I’ve been fighting to be who I am all my life. What’s the point of being who I am, if I can’t have the person who was worth all the fighting for?
That's by a writer named Stephanie Lennox in a novel called I Don’t Remember You. I haven't read the novel. I don't know that I will. Perhaps it has a different sense in context. That is possible but not likely. This is a sentiment that is often expressed nowadays. Is it unkind, or triggering, to point out that it makes no sense?
Actually, it's worse than nonsensical. "Trying to be who I really am," is a way of lying to herself about what is going on. She knows what she wants to do but that will have consequences and she wants to live in a world where choices don't have consequences. Having to accept that would hurt.

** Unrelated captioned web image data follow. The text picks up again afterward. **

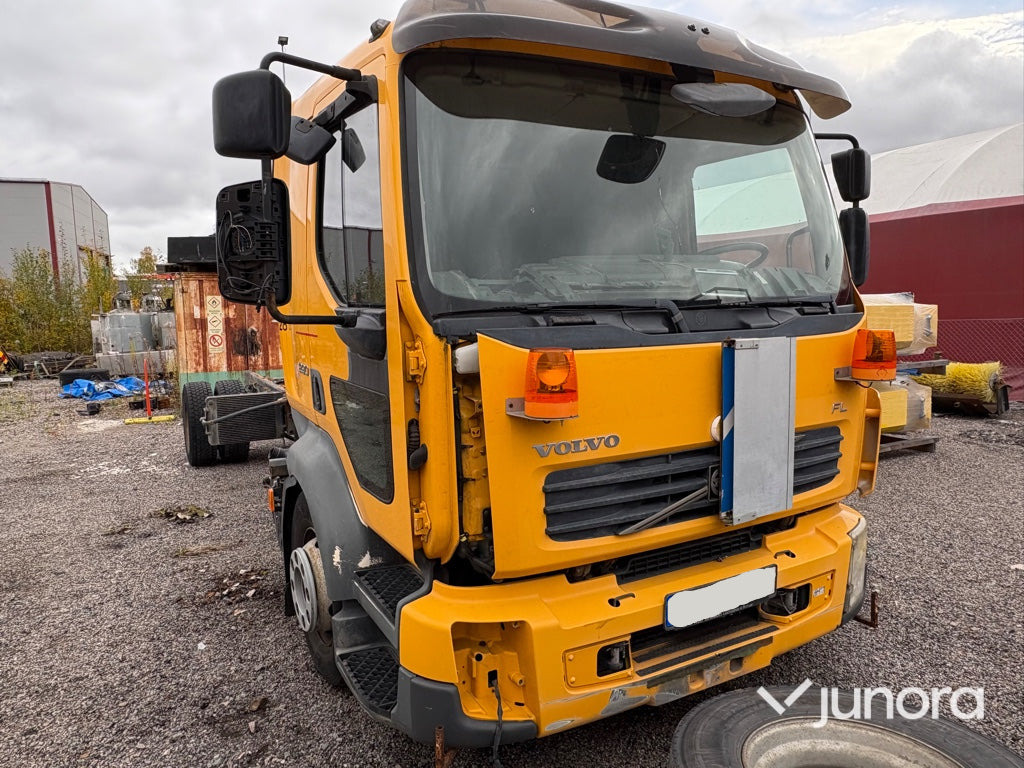 Lastbil - Volvo FL 4*2 - Φορτηγό σασί: φωτογραφία 3 Lastbil - Volvo FL 4*2 - Φορτηγό σασί: φωτογραφία 3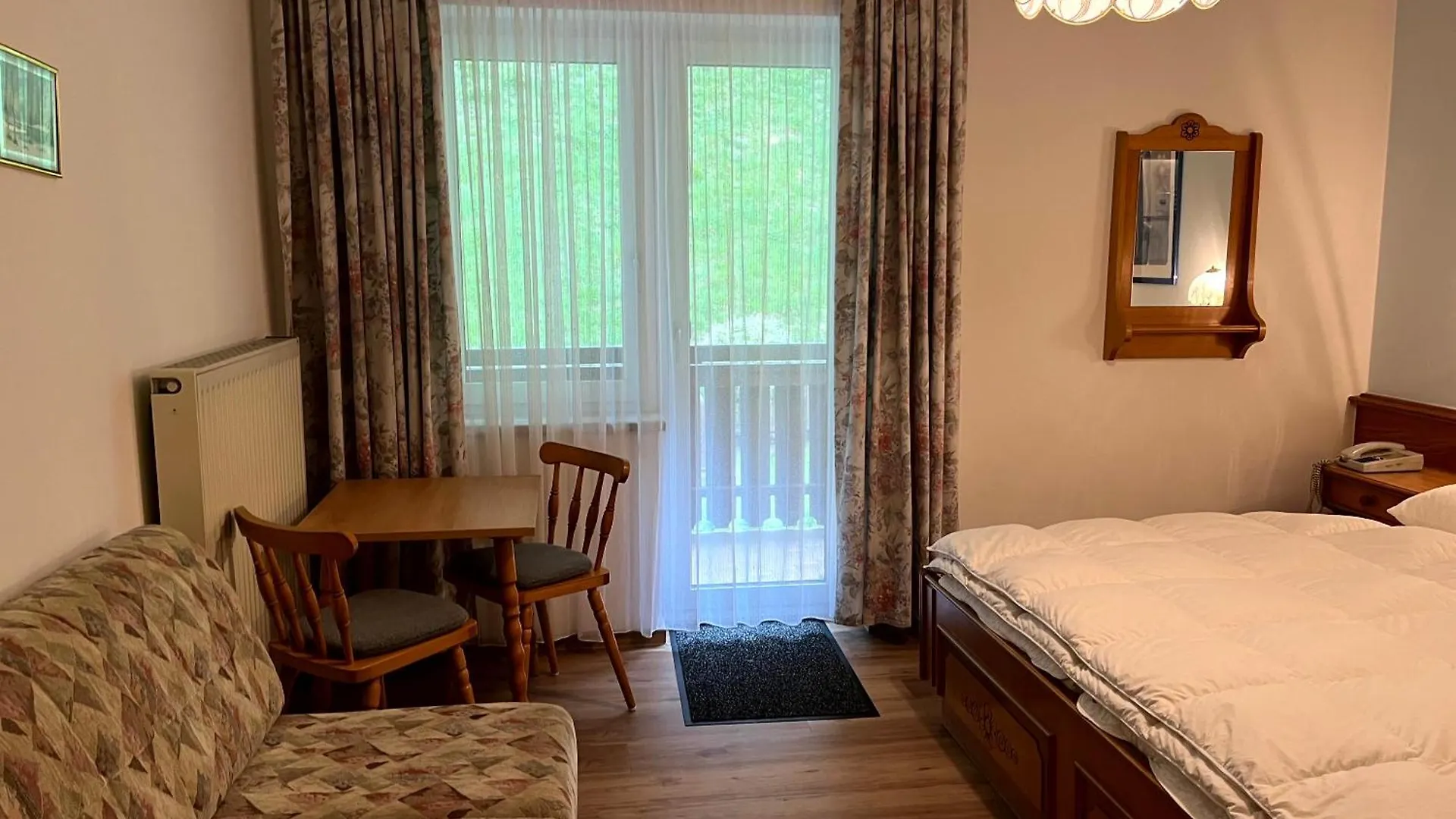 Guest house Pension Haus Riedlsperger Saalbach-Hinterglemm Austria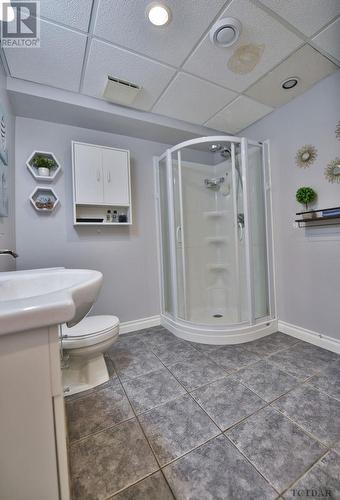 336 Government Rd S, Timmins, ON - Indoor Photo Showing Bathroom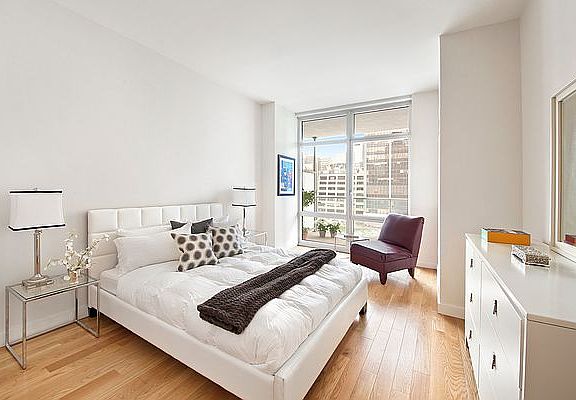 4th image of 555 W 59th St APT 11D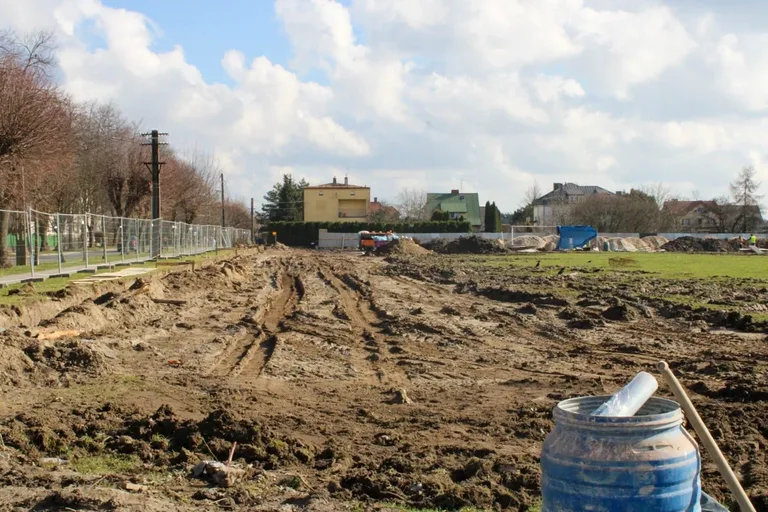  Powiat Ostrowski buduje nowoczesne boisko wielofunkcyjne! (zdjęcia)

Craving some sort of self-created identity is something teenagers do. Salinger captured it nicely at the end of The Catcher in the Rye.

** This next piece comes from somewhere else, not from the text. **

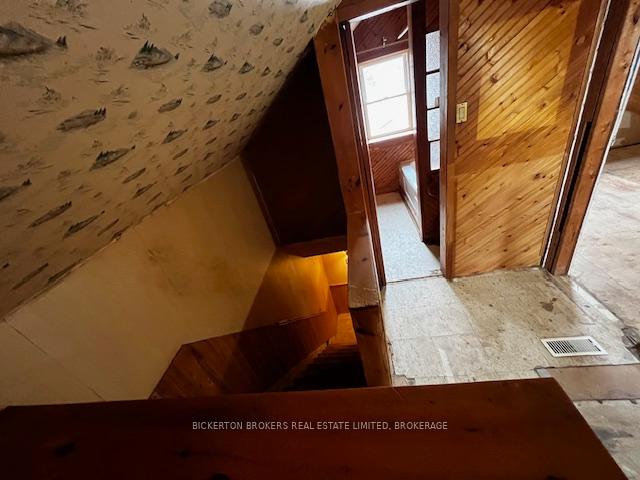 Photo 27 of 453 Stone Street N, Gananoque — HOMEH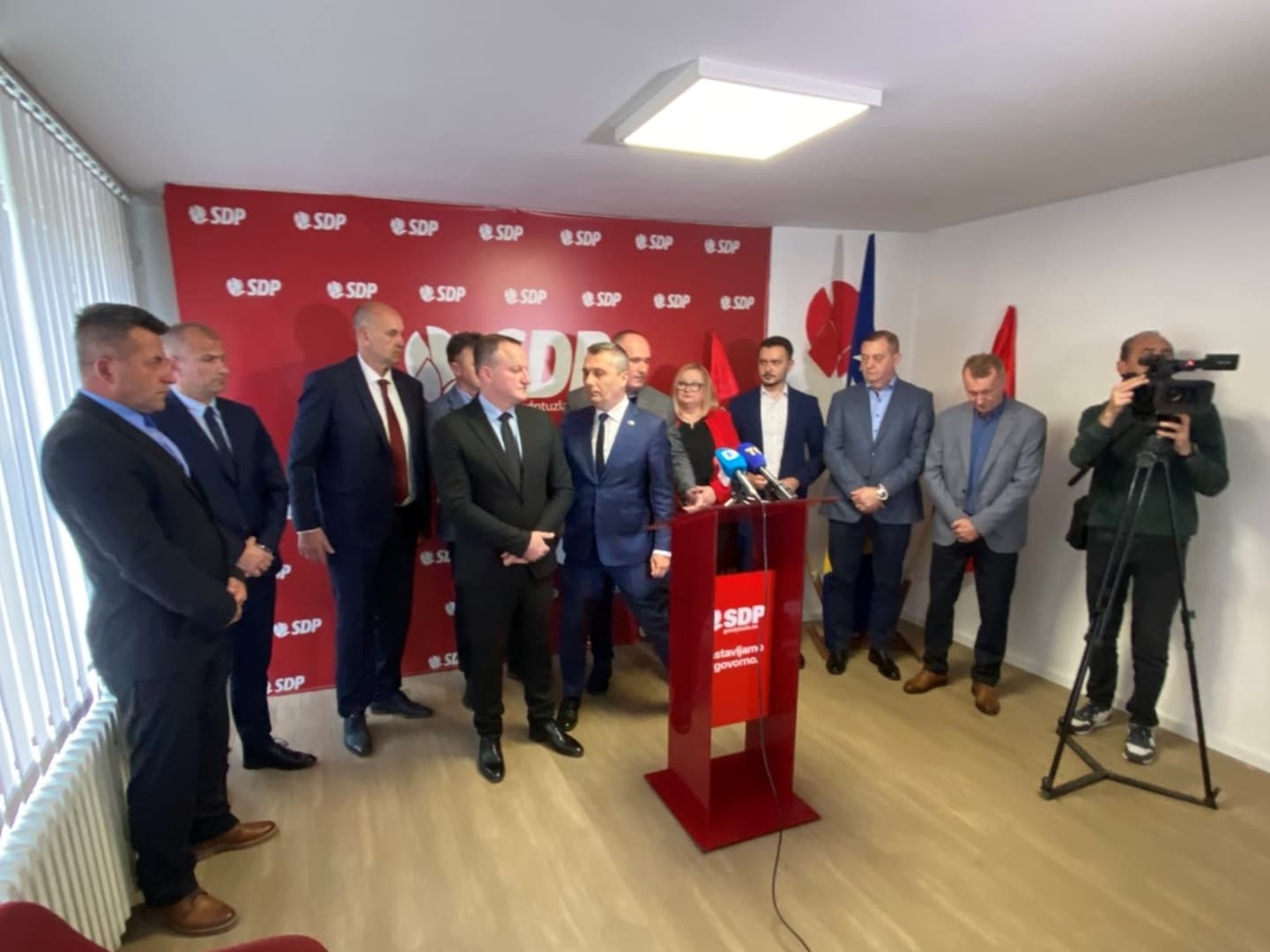 Načelnik Čelića Admir Hrustanović i sedam vijećnika SBiH prešli u SDP - slika 1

I thought it was, "If a body catch a body," Anyway, I keep picturing all these little kids playing some game in this big field of rye and all. Thousands of little kids, and no ones around - nobody big I mean - except me. And I'm standing on the edge of this crazy cliff. What I have to do, I have to catch everybody if they start to go over the cliff - I mean if they're running and they don't look where they are going I have to come out from somewhere and catch them. That's all I'd do all day. I'd just be the catcher in the rye and all. I know its crazy, but that the only thing I's really like to be. I know its crazy.”